Jesus is the King of Kings. He is the ruler over all kingdoms, but his kingdom rule and ways do not operate by the world’s rules of power, politics, fear, and greed. If Jesus wanted us living first by the ways of politics, he would have fought against the Jewish and Roman governments, but he didn’t! He didn’t rule by the ways of power or politics, and in fact, he allowed all their political fears, protecting power, and political maneuvering to kill him. Now think hard about that—Jesus somehow loved people beyond all their worst political beliefs, ideologies, and even political power-mongering. He showed that Love is Greater than Politics, and that God is greater than politics.

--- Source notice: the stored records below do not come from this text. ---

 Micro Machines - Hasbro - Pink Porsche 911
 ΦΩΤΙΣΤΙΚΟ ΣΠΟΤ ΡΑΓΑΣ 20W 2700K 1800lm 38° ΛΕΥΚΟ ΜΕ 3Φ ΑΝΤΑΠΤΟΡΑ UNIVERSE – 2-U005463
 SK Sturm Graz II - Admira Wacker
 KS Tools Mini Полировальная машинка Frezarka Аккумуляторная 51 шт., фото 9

If you claim to follow Christ, you are first a citizen of God’s Kingdom, second a US citizen. And if the One you follow did not fight with political or military power to protect himself or his Kingdom, you don’t have to either. That doesn’t mean you shouldn’t vote—vote! But don’t think a political party or candidate is going to save us or destroy us. God’s the only Savior, and he can use the worst governments to save and do what’s best for humanity.

That’s why we are told:

Everyone must submit to governing authorities. For all authority comes from God, and those in positions of authority have been placed there by God. – Romans 13:1

Remember—this isn’t referring to Democrat or Republican but Roman authority, which worshipped idols and had lots of horrible policies, including persecution of Christians. So what does this say to us? It says choose who you follow first—God’s Kingdom or the kingdom of politics (whichever party). God’s Kingdom, his will and ways, are more important all other parties, rule, and ways.

How should we treat someone with whom we disagree?

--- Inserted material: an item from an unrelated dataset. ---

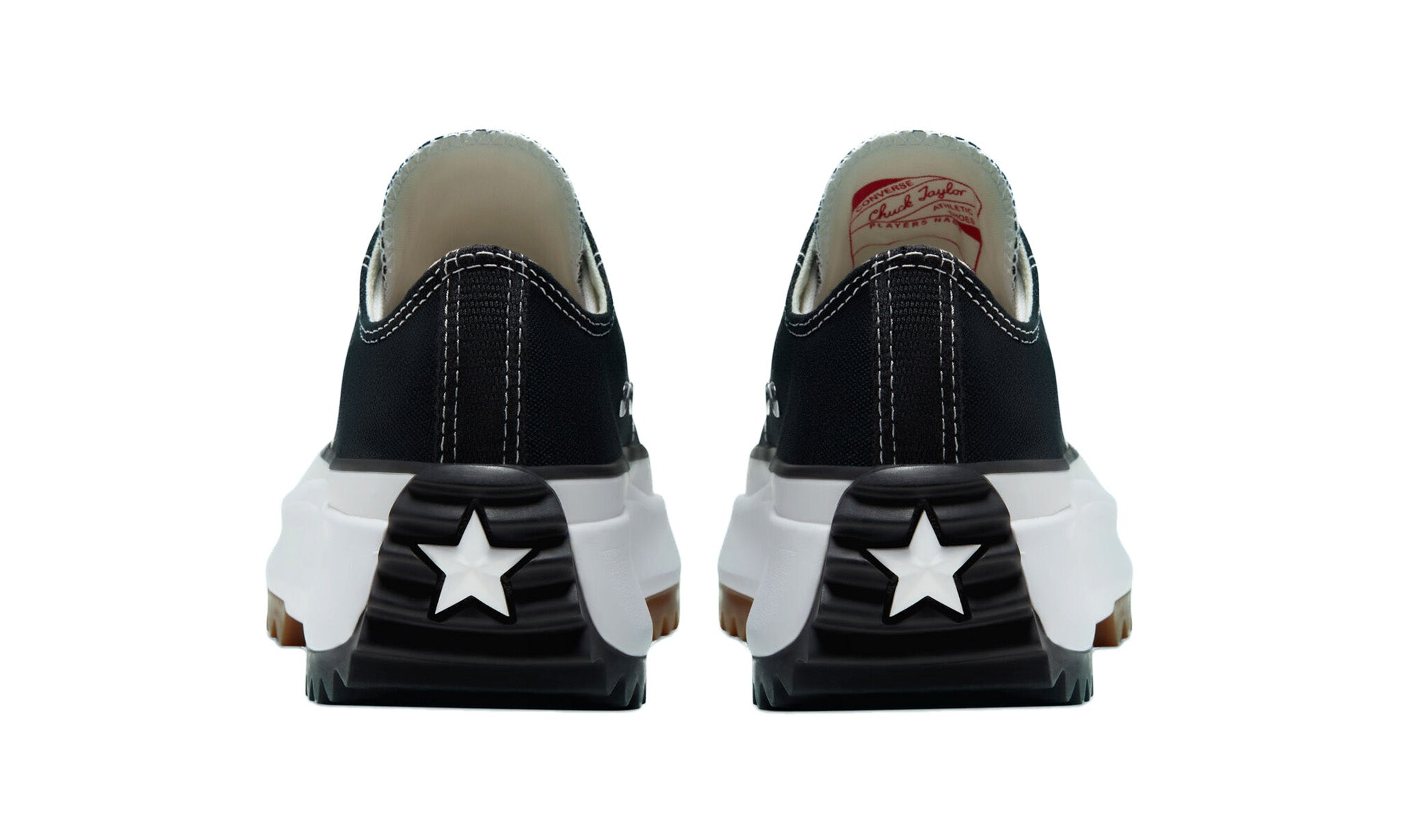 Converse Run Star Hike Ox 'Black/White/Gum'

Jesus said that loving God is the first and most important commandment. Here’s the problem with this: almost everyone would say they love God. The problem is there’s lots of wiggle room with what that means, but Jesus didn’t give any wiggle room. Look what he said after Love God:

This is the first and greatest commandment. 39 And the second is like it: ‘Love your neighbor as yourself.’ 40 All the Law and the Prophets hang on these two commandments.” Matthew 22:38-40

Jesus says “Loving God” is like “loving people.” Jesus uses this greek word “Homoia” many times—always to try to help people see what Heaven is like. In other words, Jesus is saying “You can’t see Heaven, but it’s like this: if you understand this, you’ll have an idea of that. Everyone can say they love God actually looks like “loving your neighbor as yourself.

Jesus said, “You are the light of the world.” Matthew 5:14

Jesus’ plan to change the world is not for His Kingdom to come through politics, force, or power, but as His followers learn to daily say “Not my Kingdom come or my party’s will done, but Your Kingdom come, as your will is done, on earth (through me) as it is in Heaven.”

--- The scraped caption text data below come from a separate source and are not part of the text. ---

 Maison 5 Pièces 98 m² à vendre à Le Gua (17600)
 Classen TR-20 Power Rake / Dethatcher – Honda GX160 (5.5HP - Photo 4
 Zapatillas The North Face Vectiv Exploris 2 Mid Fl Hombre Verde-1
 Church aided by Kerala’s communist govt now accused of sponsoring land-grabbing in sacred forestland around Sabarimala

As we bring the Light of His love, care, and concern to our neighbors, and learn to Love God BY loving and caring about those we live around just as much as we care about ourselves—that’s how we live under His Kingdom, and that’s How he changes the world.

People matter more than politics.

When politics come up with a neighbor, or someone at Gateway, and it differs from your view, ask a question:

How did you come to that view?

This let’s the person explain the deeper story behind their views, and you’re valuing the person more than political views by wanting to know about them. This expresses humility.

Then ask another question: “What’s most important to you?” Now instead of political fighting, you’re getting to know the heart and soul of your neighbor. That’s loving. So let’s do that for one another—here at Gateway, and to our neighbors.

We can debate ideas respectfully which is important and good, but we should listen more than we talk. In addition, we should never gossip, slander, or belittle. When conversations start that turn to gossip and bad-mouthing candidates.

Do not let any unwholesome talk come out of your mouths, but only what is helpful for building others up according to their needs, that it may benefit those who listen.  And do not grieve the Holy Spirit of God. Ephesians 4:29-30

God is always doing what’s best for people. People don’t. And God’s Kingdom is teaching us to love our neighbor more than we love our political views.